- _Task instructions_: From the line that contains "Sirocco 9 Fin" to the last line of the records below, retype each line exactly; leave out everything else.

- _Exercise material_:
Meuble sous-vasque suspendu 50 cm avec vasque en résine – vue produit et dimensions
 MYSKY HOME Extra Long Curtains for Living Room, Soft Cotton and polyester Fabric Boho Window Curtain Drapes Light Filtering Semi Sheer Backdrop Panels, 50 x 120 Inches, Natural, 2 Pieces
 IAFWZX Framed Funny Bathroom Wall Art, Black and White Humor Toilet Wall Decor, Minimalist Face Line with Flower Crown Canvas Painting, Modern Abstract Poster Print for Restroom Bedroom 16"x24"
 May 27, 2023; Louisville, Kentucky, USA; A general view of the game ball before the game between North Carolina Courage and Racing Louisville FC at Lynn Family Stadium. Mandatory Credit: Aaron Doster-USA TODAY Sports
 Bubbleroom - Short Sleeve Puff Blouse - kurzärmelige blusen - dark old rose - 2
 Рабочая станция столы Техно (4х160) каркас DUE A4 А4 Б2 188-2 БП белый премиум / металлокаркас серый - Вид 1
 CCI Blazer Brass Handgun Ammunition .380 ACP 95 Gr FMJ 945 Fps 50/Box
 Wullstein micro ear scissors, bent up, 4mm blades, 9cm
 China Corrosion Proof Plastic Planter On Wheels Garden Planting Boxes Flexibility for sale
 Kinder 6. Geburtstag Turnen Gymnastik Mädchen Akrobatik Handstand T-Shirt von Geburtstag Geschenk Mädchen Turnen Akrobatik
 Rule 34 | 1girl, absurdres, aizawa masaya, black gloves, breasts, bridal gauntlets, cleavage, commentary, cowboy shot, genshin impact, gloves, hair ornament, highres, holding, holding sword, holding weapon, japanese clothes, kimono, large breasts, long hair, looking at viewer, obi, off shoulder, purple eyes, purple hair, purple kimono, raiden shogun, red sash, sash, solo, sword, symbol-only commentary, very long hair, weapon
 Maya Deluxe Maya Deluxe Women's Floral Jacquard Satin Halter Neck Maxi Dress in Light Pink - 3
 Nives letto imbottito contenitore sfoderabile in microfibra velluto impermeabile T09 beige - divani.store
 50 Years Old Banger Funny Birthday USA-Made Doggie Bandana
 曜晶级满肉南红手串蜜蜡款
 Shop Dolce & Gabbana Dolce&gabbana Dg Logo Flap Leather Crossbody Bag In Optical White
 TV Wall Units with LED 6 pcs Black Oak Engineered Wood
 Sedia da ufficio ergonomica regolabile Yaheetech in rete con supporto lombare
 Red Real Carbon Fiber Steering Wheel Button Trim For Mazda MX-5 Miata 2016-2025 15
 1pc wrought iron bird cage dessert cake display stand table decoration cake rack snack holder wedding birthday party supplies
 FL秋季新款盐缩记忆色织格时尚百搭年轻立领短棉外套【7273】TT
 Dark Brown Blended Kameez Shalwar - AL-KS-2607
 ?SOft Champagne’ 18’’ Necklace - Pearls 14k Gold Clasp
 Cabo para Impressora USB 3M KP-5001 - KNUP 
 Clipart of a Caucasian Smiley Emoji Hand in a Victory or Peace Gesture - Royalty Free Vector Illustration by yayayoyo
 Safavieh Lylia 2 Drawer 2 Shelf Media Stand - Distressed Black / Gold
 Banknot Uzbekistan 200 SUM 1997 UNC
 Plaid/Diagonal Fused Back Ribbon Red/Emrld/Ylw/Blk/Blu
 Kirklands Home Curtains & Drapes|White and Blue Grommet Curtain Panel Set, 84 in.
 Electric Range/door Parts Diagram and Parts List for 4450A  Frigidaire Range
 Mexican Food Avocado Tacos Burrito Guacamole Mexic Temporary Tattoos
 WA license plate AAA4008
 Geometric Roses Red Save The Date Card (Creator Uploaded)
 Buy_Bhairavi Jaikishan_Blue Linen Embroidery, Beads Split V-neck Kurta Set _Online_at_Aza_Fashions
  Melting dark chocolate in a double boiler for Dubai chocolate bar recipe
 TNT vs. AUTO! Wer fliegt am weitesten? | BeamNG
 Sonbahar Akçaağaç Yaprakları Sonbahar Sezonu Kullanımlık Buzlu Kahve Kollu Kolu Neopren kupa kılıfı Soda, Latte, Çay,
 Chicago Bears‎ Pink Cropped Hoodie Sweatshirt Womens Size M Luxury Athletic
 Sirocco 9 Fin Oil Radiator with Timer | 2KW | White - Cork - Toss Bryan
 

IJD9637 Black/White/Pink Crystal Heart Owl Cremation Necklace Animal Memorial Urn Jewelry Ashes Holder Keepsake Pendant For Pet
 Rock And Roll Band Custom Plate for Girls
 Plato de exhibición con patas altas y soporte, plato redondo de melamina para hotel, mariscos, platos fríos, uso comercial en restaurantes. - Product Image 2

- _Task response_:
 Sirocco 9 Fin Oil Radiator with Timer | 2KW | White - Cork - Toss Bryan
 

IJD9637 Black/White/Pink Crystal Heart Owl Cremation Necklace Animal Memorial Urn Jewelry Ashes Holder Keepsake Pendant For Pet
 Rock And Roll Band Custom Plate for Girls
 Plato de exhibición con patas altas y soporte, plato redondo de melamina para hotel, mariscos, platos fríos, uso comercial en restaurantes. - Product Image 2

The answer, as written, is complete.